Alquilar una vivienda en Mendoza: lo que hoy hay que saber
Por la Dra. Alejandra Manchinelli
Alquilar una vivienda es una de las decisiones más importantes para muchas familias. Sin embargo, en los últimos años las reglas cambiaron varias veces y eso generó muchas dudas tanto para propietarios como para inquilinos.
Actualmente, en Argentina ya no rige la antigua Ley de Alquileres tal como la conocíamos.
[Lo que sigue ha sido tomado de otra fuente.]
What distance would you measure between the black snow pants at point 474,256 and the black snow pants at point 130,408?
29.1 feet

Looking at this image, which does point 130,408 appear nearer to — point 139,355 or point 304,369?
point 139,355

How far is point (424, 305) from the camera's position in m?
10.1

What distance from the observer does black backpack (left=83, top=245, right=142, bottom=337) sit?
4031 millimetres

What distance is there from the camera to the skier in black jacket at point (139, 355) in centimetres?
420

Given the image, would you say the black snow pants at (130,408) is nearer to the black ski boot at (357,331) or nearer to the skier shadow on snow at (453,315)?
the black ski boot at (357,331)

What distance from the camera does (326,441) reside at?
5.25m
A fines de 2023 fue derogada y hoy los contratos se celebran con mayor libertad entre las partes.
¿Qué significa esto?
Que propietario e inquilino pueden acordar libremente aspectos esenciales del contrato, como la duración, la forma en que se actualizará el precio del alquiler, la moneda de pago y otras condiciones, siempre que exista consentimiento entre ambas partes.
Esto no quiere decir que “vale todo”. El Código Civil y Comercial de la Nación continúa protegiendo los derechos de ambas partes y exige que los contratos sean celebrados de buena fe, respetando lo pactado.
Uno de los puntos que más consultas genera es el aumento del alquiler. Antes existía una fórmula legal que establecía cómo y cuándo debía actualizarse el precio. Hoy esa actualización puede pactarse libremente: puede ser mensual, trimestral, cuatrimestral o semestral, utilizando el índice que las partes acuerden.
Por eso es fundamental leer detenidamente el contrato antes de firmarlo. Muchas veces, por la necesidad de conseguir una vivienda, se pasa por alto la forma en que se actualizará el alquiler y luego aparecen las sorpresas.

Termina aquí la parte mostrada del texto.